- Supplied data -
--------
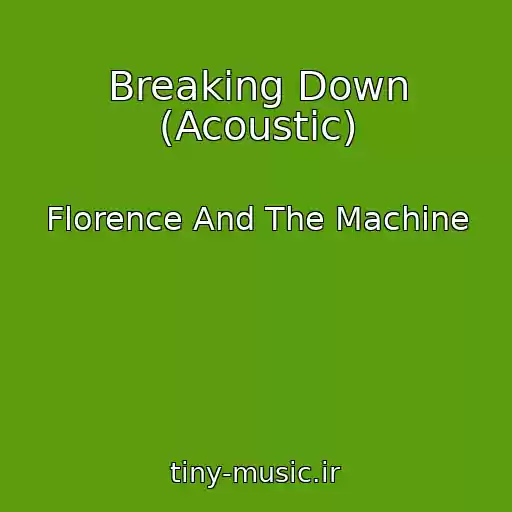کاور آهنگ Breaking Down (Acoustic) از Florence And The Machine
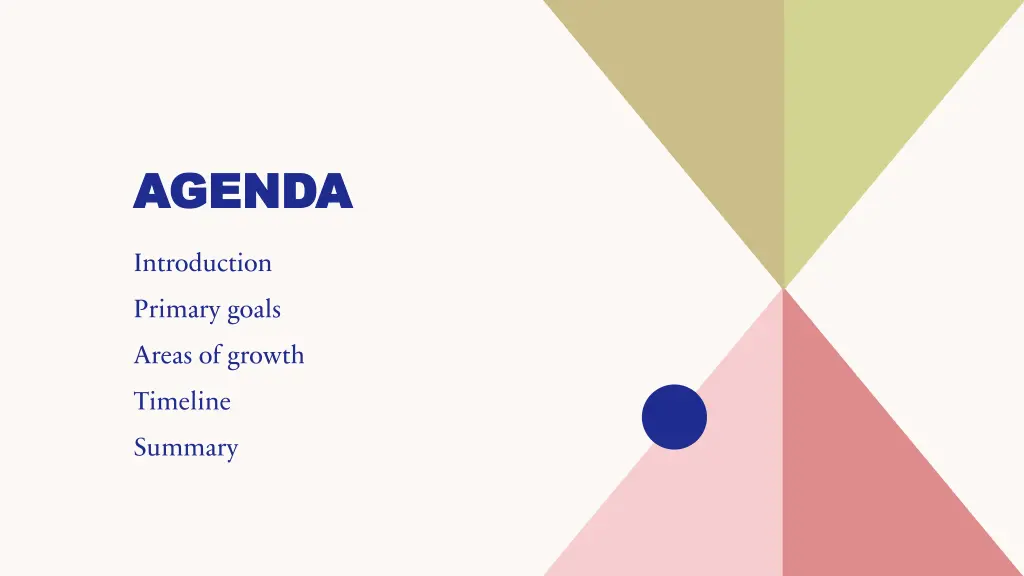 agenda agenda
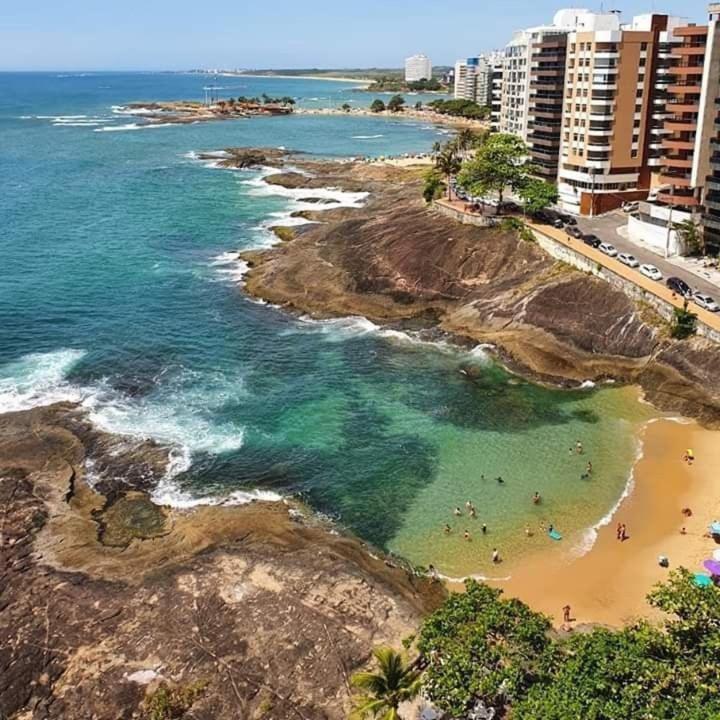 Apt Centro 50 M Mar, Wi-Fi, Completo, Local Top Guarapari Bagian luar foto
--------
Print the data above exactly; drop every picture.

کاور آهنگ Breaking Down (Acoustic) از Florence And The Machine
 agenda agenda
 Apt Centro 50 M Mar, Wi-Fi, Completo, Local Top Guarapari Bagian luar foto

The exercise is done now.